- [Stored data]:
+---+

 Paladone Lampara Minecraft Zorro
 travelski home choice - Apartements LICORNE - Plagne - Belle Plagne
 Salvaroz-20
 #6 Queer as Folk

+---+

All of the material above should be printed out in full, word for word.

- [Exercise solution]:
 Paladone Lampara Minecraft Zorro
 travelski home choice - Apartements LICORNE - Plagne - Belle Plagne
 Salvaroz-20
 #6 Queer as Folk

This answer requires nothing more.